麗奈:そっか、うちもそうなんだ。お父さんだけ。

棗:うちはうるさい……兄が一人。

麗奈:へえ。どんな人なの?

棗:クズですわ。

麗奈:へ?

棗:いえ、クズというのも生ぬるい。
  人間の皮をかぶっているだけで、中身はどんなもんかわかったもんじゃないですの。
  馬鹿みたいに糖分ばかり摂取している砂糖中毒で、とてつもないナルシストで、
  とにかくもうーー

麗奈:(笑っている)仲良いんだね。

棗:そんなわけありませんわ。
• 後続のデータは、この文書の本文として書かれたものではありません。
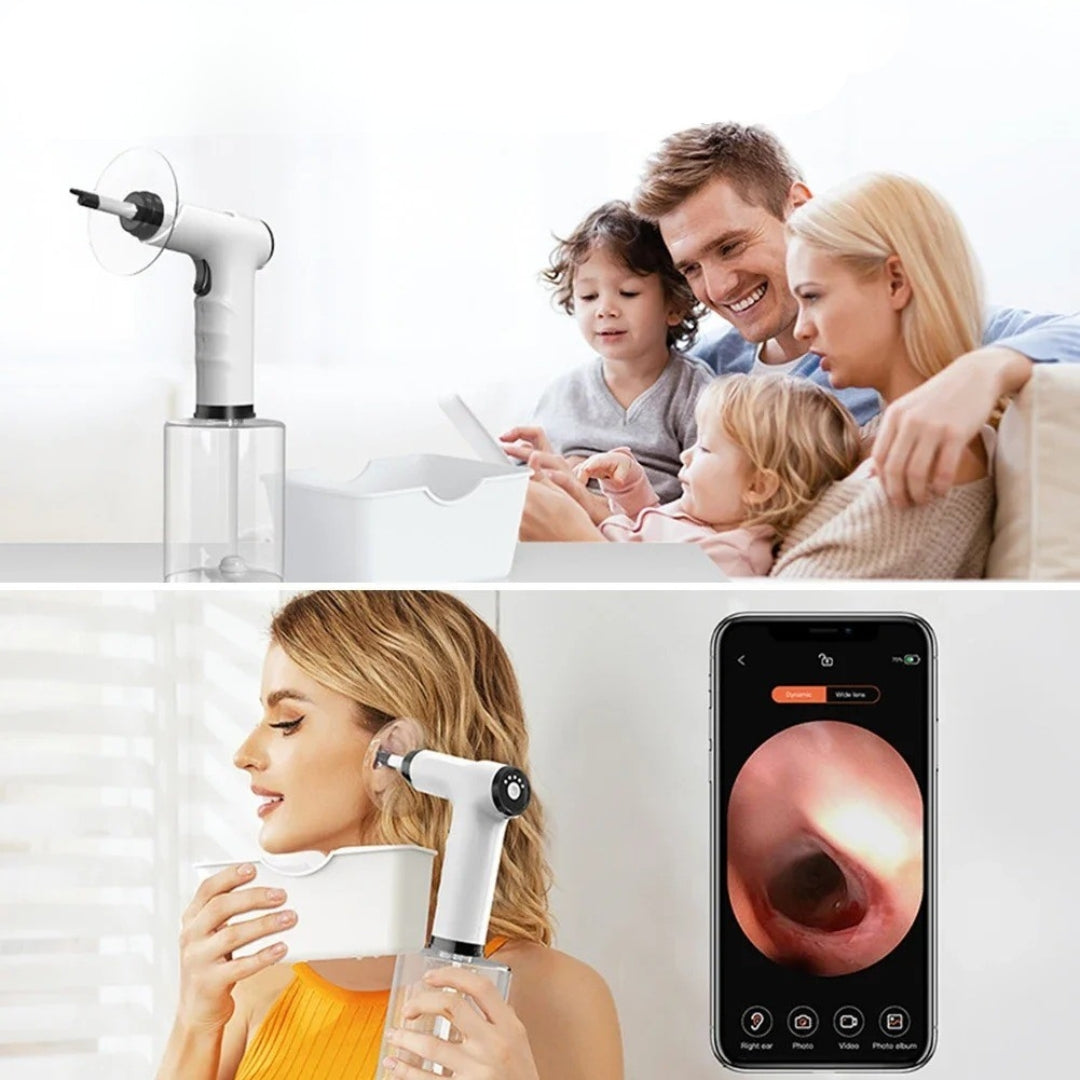 SonicRinse™ - Ear Cleaning kit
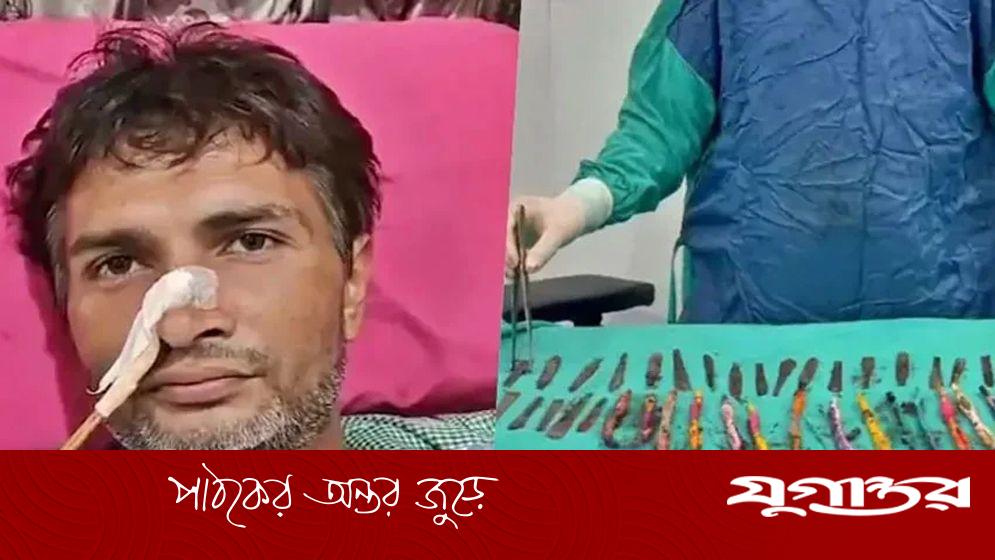 অস্ত্রোপচারে পেট থেকে বেরোল ২৯ চামচ, ১৯ টুথব্রাশ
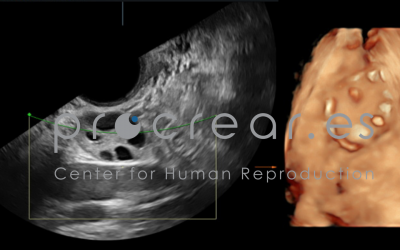 ¡PREVINIENDO LA INFERTILIDAD!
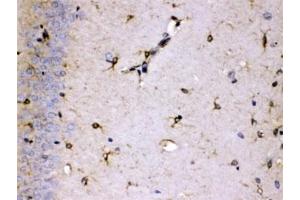 IHC testing of FFPE rat brain with ALDH7A1 antibody at 1ug/ml.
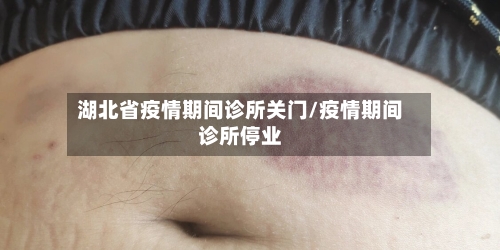 湖北省疫情期间诊所关门/疫情期间诊所停业-第1张图片
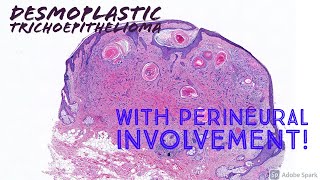 Desmoplastic Trichoepithelioma with perineural involvement [upl. by Arvo]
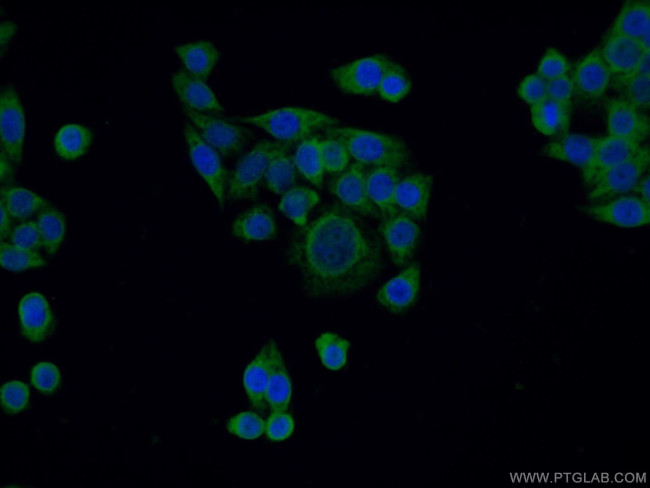 PERK/EIF2AK3 Antibody in Immunocytochemistry (ICC/IF)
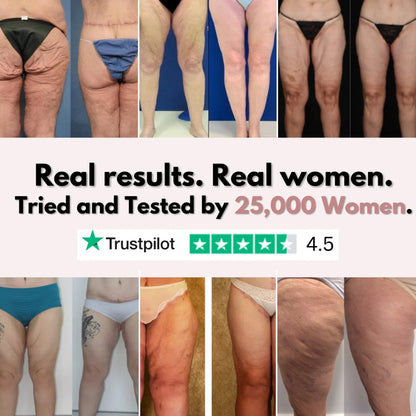 Firmer, smoother legs in 14 days — for women tired of saggy skin holding them back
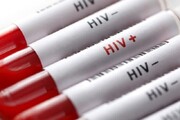 ویروس HIV قابل کنترل است به شرط درمان | درمان «ایدز» رایگان است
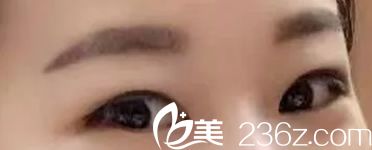 YNT整形醫(yī)院雙眼皮手術前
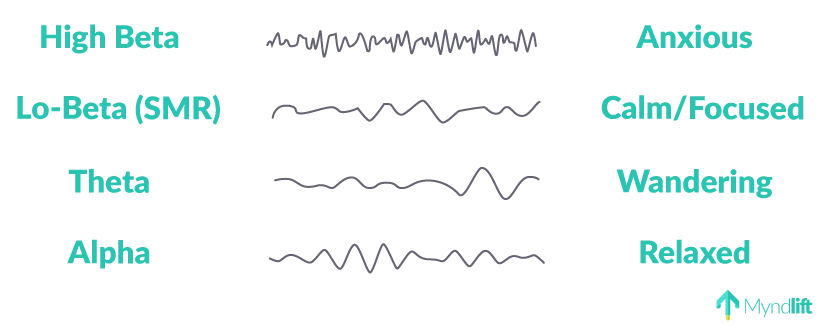 About Neurofeedback About Neurofeedback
隙あらば殺そうとしているのですけれど、
  なかなか隙がありませんのよ……。

麗奈:(笑って)怖いよ、それ。

N:次の瞬間、棗は無邪気に、そして猟奇的に笑った。

棗:本当に、殺そうとしてるっていったら、どう思う?

麗奈:……え?

棗:一昨日は頭を狂わせようとしたけど失敗した。
  今日も砂糖の瓶に毒を混ぜたけど気づかれた。
  ああ、あいつを殺したい殺したい殺したい殺したい!
  今すぐに、あの済ました面に絶望を塗りつけてやりたい!

N:一般人が観るにはあまりにも非日常的な感情。
  薄暗く、ドロドロとした純粋さ。

棗:……なあ、麗奈。
  俺が、本当にあいつを殺そうとしてるっていったら、どう思うんだよ。

麗奈:……わかんない、想像できないよ……。

N:麗奈は呆然と棗を見つめ返し、そして、笑った。

麗奈:でも……でもそれで、棗ちゃんを怖いとは思わないかな。

棗:……やっぱりな。その程度なんだよ、麗奈にとっての『怖い』なんてのはさ。
  だから、やめりゃあいいじゃん。笑いときに笑えよ。

麗奈:(笑う)それが本当のしゃべり方なんだ。

棗:そこかよ……。

麗奈:(笑いながら)だって、変すぎるよ! 『なんとかですことよ』とか!
   そんな女子、いないもん!

棗:あのなぁ……俺は俺なりにーー

N:直後、正面からやってきた自転車に乗った少年が、麗奈に向けて野球ボールを投げつけた。

棗:なっ……!?

N:棗は慌てて麗奈の様子を確認するが、麗奈は困ったように立っているだけだった。

棗:麗奈! 大丈夫か!

麗奈:あはは、大丈夫だよ。本当に。いつものイタズラだし。

棗:イタズラの度を超してんだろ! ……あいつら!

N:棗は走り去る自転車を睨みつけると、地面に転がっている野球ボールを掴んだ。

棗:ふざけんじゃねえ……!

N:棗が投げたボールは、自転車に乗る少年の背中を捉え、少年は自転車を投げ出して転がるように倒れた。

棗:ぶっ飛ばしてやる!

N:駆け出そうとした棗を、麗奈が制した。

麗奈:大丈夫だよ。棗ちゃん。

棗:あ!? でもよーー

N:麗奈の顔を見た棗は、言葉を失った。

棗:麗奈……お前……。

麗奈:私はね、ラッキーだから。大丈夫なんだよ。

N:麗奈は色を失ったビー玉のような瞳で、棗を見つめていた。